In the entries below, every line that contains "Auto" must be located and copied.

- _MATERIAL PROVIDED_:
● ● ●

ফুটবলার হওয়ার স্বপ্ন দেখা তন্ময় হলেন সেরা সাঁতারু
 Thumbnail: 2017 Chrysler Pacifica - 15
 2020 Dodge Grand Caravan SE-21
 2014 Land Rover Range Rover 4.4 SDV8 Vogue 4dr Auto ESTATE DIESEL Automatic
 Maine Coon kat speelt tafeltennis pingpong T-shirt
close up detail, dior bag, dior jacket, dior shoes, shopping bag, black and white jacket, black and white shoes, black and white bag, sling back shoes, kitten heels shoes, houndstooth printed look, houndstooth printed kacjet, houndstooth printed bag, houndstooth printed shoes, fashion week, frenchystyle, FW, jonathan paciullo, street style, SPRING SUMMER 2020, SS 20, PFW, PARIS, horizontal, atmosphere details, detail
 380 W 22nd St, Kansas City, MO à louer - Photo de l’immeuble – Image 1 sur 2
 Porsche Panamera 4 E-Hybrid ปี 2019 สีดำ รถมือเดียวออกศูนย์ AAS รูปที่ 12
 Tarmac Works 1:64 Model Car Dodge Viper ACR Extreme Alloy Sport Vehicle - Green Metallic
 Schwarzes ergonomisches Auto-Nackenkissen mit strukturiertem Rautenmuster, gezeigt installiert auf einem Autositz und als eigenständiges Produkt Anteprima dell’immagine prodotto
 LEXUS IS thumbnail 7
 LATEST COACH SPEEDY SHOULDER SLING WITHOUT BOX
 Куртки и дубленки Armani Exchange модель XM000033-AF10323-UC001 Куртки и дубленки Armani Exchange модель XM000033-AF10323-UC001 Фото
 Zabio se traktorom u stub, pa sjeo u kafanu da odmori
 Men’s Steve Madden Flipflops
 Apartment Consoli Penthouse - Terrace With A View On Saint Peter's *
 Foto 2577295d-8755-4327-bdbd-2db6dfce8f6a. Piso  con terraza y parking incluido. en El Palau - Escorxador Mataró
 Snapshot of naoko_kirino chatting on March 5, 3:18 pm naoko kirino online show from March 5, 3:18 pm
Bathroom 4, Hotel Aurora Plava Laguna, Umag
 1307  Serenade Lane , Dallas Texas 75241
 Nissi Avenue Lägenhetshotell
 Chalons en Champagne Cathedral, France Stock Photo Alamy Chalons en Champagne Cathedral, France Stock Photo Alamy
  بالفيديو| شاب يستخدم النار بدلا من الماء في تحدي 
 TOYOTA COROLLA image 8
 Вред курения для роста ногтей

● ● ●

- _ANSWER BOX_:
 2014 Land Rover Range Rover 4.4 SDV8 Vogue 4dr Auto ESTATE DIESEL Automatic
 Schwarzes ergonomisches Auto-Nackenkissen mit strukturiertem Rautenmuster, gezeigt installiert auf einem Autositz und als eigenständiges Produkt Anteprima dell’immagine prodotto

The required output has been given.